She gained Matildas selection and made her first start in seven years when she played in the their Cup of Nations 4-1 win against Korea Republic.
No longer hindered by injury, Luik continued to impress and finally made her World Cup debut the same year, nine years after her initial Matildas debut.
“I feel really blessed, because it had been a lifelong goal of mine to make the Matildas, to play in a World Cup and go to an Olympics too,” she said of her long-awaited achievement.
“When you’ve been with your national team for 10 years, any athlete, no matter who you are, is going to have a lot of ups and downs physically, mentally and emotionally.
“Knowing that I’ve been able to overcome these hurdles and push through by believing and trusting my instincts has made it all worth it,” she continued.
“Thinking about all that hard work and finally seeing things happen feels really, really good.”
Luik embodies the Matildas ‘Never Say Die’ slogan to a tee, which is something she thanks her mum for, but she also explains why it is so important to her.
“As a kid, my mum always worked at her own pace so we either had to keep up with her or get left behind,” Luik said.
“She didn’t like laziness and was a big believer in hard work which she instilled in us as youngsters.
“I think part of the reason I didn’t give up comes from wanting to do my family, supporters and country proud,” she continued.

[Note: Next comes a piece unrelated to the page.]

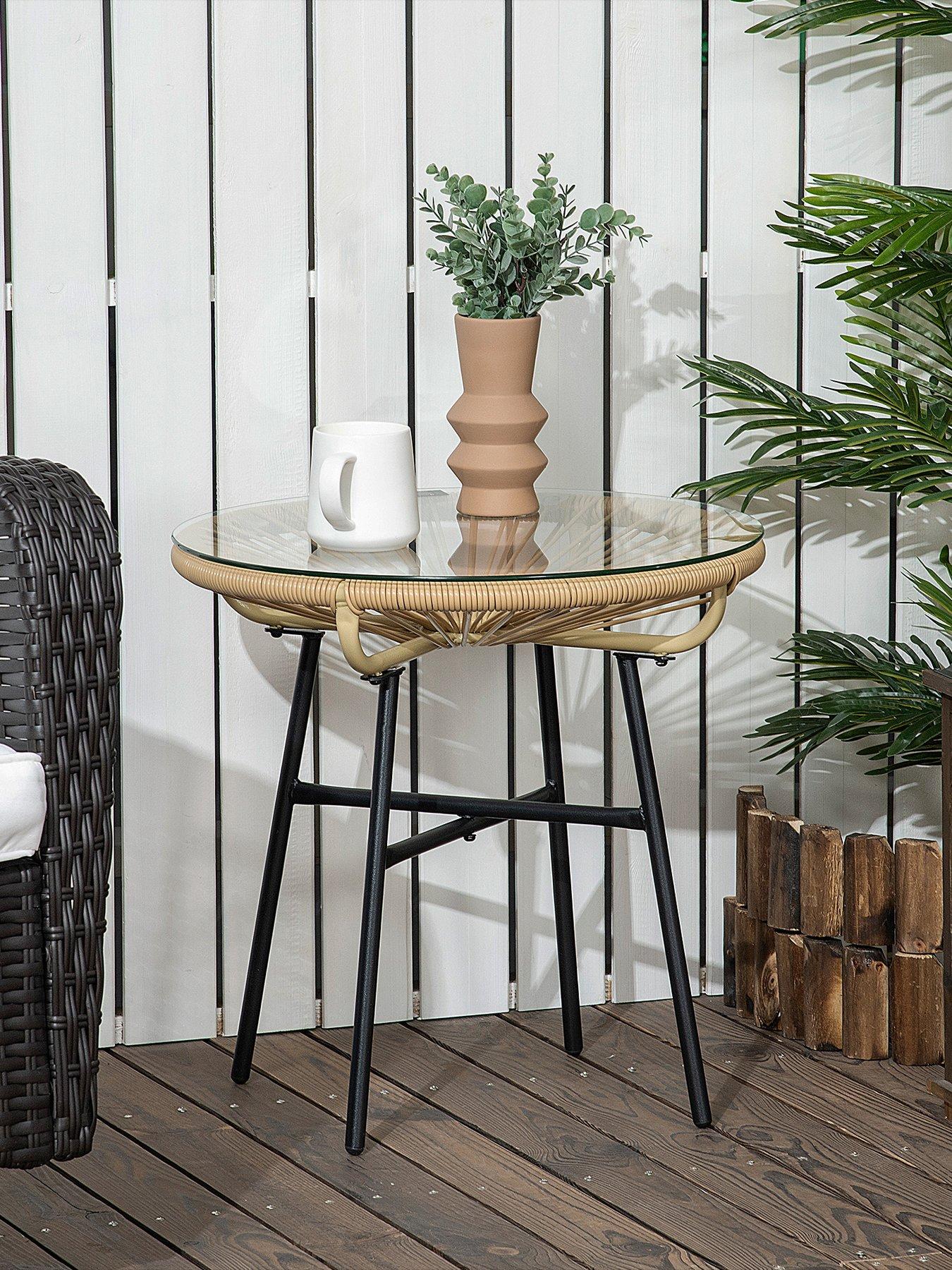 undefined Outsunny Rattan Side Table, Round , Black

“I want to be a good representation of who Australia is and to show others that we are people who don’t give up.”
Although football is a great love for Luik, she says she is mindful of the fact that losing a game or suffering an injury is relatively minor in the grand scheme of what others may go through in the world.
“I try to keep things in perspective because there are so many people who do so much more and work so much harder, and they need to do that to survive,” she said.
“If they’re doing that, why can’t we go out there and give everything we have?
“There are going to be times when you’re out of breath and you literally can’t run anymore but knowing there are other people in the world who have to work really hard or are suffering, that gives me the motivation to keep pushing.”
When she steps foot on the pitch, her country, her teammates, her family and her God and are what drives the resilient Melbourne City star but there is a deeper motivation for giving her all, playing for those who don’t have the opportunity to do so.
“When I played in the World Cup, I’d written ‘for all those who can’t’ on my boots,” Luik explained.
“I give my everything for all of those who physically or mentally can’t. For those who are told that they can’t for whatever reason – because they’re not good enough, or because they’re a girl… that’s a big one,” she continued.
“We are able to fulfill our desires to play in our country so easily, we are so blessed, but you’ve got girls in other countries who would be literally risking their lives if they decided to follow their passion and try to play football.
“I play for all of those girls, or for anyone, whoever it is, for whatever reason, it’s for them.”